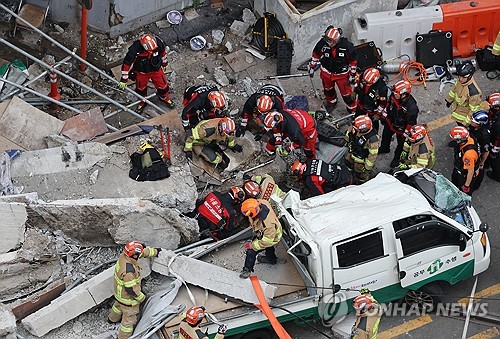 Seoul mayoral candidates halt campaigning after overpass collapse incident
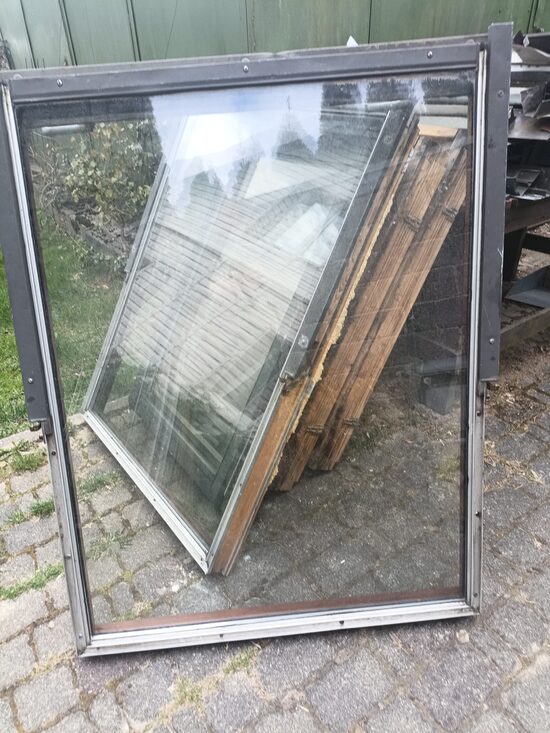 FAKRO 114x140cm loga vērtne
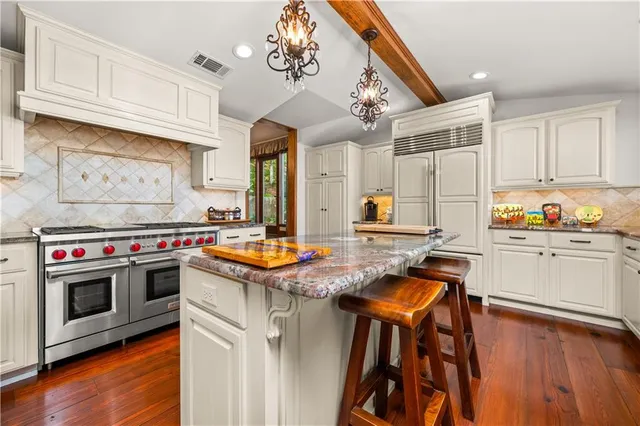 $889,900 | 137 Beechwood Lane, Natchitoches, LA 71457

*-*-*

● Problem requirements
Apart from its pictures, the data is to be repeated exactly.

● Result for this task
 Seoul mayoral candidates halt campaigning after overpass collapse incident
 FAKRO 114x140cm loga vērtne
 $889,900 | 137 Beechwood Lane, Natchitoches, LA 71457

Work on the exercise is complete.